Step 1: Concept Sketches

Every good doodle starts with concept sketches. For those unfamiliar, these are free hand drawings that are used to explore potential ideas. Most of the time I draw several different versions of ideas I have to determine if they look good.

Concept sketches also lets me reconfigure an idea that might not work exactly right. A good example of this is the Gengar drawing from my last Pokemon doodle post. Originally it started out looking like this:


The final version is much different. I knew I wanted to draw Gengar as Clefable’s shadow, but these original drawings put far too much emphasis on Clefable. Eventually I remembered the fright jar from Paper Mario. This item caused a giant shadow of Bowser to appear behind the character. The shadow completely grabbed the focus of the frame. Perfect. That idea looked as follows:


And then I got more weird with it, which resulted in these other concept sketches.


Also all the creative work I’ve consumed over my life has a chance of being referenced in my work. Much like the fright jar, it is very easy to incorporate things knowingly, or unknowingly, into your own creations. I’m sure some of you have thought, “hey this reminds me of such and such thing”, and that may very well be because it is loosely based on it.

Step 2: Digital Sketch

Alright. Now that I know what I’m drawing it is time to start a digital sketch. If I didn’t do all my drawings with a mouse I’d be more inclined to just do my concept sketches on the computer, but a mouse doesn’t give my hand the full range of motion a pen does. As such I do my experimentation in the physical realm, and only venture into the digital one once I understand what I’m creating.

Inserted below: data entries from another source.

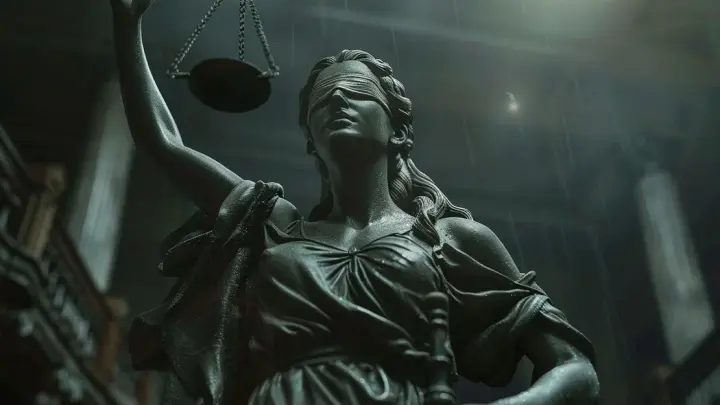 Суд арестовал всё имущество судьи Верховного суда в отставке Момотова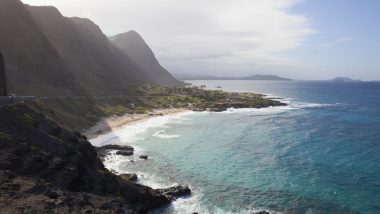ハワイで一度は訪れてみたい！オアフ島の絶景ポイント「マカプウ岬／Makapuu Pt.」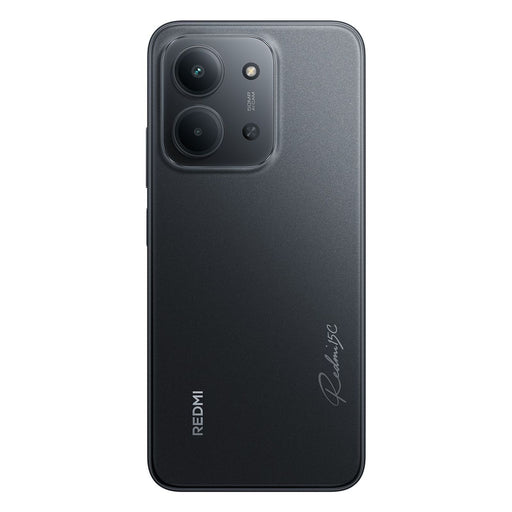 Produktbild Smartphone - Xiaomi Redmi 15C 4G Dual-SIM 128GB Midnight Black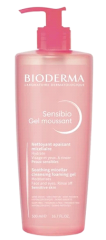 Bioderma Sensibio Foaming Gel Temizleme Jeli 500 ml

Using my concept sketch as a reference I’ll create a sketch of what I’d like to draw on my computer. Because it is just a sketch I’m never concerned with the overall quality. Lines can be weird, or extend too far. Frankly the whole thing can look like visual diarrhea. The important thing here is that I have a rough idea of what I’m drawing, and how big it is.

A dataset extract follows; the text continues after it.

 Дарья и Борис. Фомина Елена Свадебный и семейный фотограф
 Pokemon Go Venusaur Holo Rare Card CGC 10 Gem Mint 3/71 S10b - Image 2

For anyone looking to get into digital art, I’d recommend doing this if you don’t already. Creating a rough sketch can help you work out issues in your drawing before you commit to the final draft. It’s a lot easier to resize something, or adjust a part of a drawing that doesn’t look exactly right when you can draw over everything.

Step 3: Inking/Outlining

It isn’t really inking because it is digital art, but we’re now ready to take our sketch and finalize the lines. Here I turn up the darkness on my blue sketch colour until it is a nice dark grey.

Unlike the previous step all of these lines are going to be visible in the final drawing, so I have to make sure everything looks just right. Because of that there is a lot of ctrl+z’ing in this stage of the drawing. This is also where I’m able to over-correct something I don’t like. Using the Gengar example again, I really didn’t like how the teeth looked in the digital sketch, so I sharpened and made them thinner.

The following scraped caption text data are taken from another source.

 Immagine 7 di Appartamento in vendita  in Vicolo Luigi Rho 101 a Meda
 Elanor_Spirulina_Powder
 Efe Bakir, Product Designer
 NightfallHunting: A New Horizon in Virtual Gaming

Another example would be the Squirtle I drew. Here I went from it having a huge head, to rounding it out and correcting the jaw so it aligned better with the water it was barfing.


A lot of thought goes into making these monstrosities.

Also, we’re drawing all of these lines on a new layer. That’s important as it locks all of the line art to it’s own special plain. This also means I can disable the visibility of the sketch layer, so it isn’t present in the final product.

Step 4: Colour

I have always hated colouring things. I find drawing fun, but colouring is incredibly tedious. I know some people really enjoy colouring, but I want it to be over as soon as possible which ends up making me very anxious.

Colour selection is pretty easy when you are creating something based on source material. I choose colours that I think are close to what they’re supposed to be and use those. If a particular colour doesn’t quite look right I’ll choose something different on the colour wheel and use that. There is a lot of retrying in this step. Eventually I’ll settle on the colours I like and will colour in the drawing with those.

For colouring I create another layer, which I place under the line art. This will let me colour up to and under the line art so there is no gaps in colour at the edge of the drawing. That’ll take a drawing that is just lines and turn it into a drawing with colour:


And this is what the colour looks like without the lines to provide context:


Step 5: Shading

And now for the final step: adding shading to create the illusion of depth. I think I’m pretty terrible at doing this, but I’m slowly improving.

For this step I add yet another layer and decrease the opacity of the layer. This will make all the colours transparent, which allows the base colour to bleed through. The result is a much better blended look.

As far as colour selection goes, I take the base colour and then move it toward a cooler colour. If it’s red that means making it purple, orange and yellow become dark green, green and purple become blue, and blue goes to a darker shade of blue. I then apply the shadows where I deem appropriate. The trick to this is thinking about the drawing as if it’s in a 3D space adding shadow where appropriate. That’ll make everything appear to have depth even when there isn’t any.


I also occasionally add highlights using a similar approach, but they seldom look correct. That’s a skill I’m still trying to work on, mostly with unpublished art.

So that’s the long, detailed explanation of how I make art. I hope that was informative and interesting.

Also, new art post is coming this month. Still working on some doodles for it. Hope you will all enjoy those.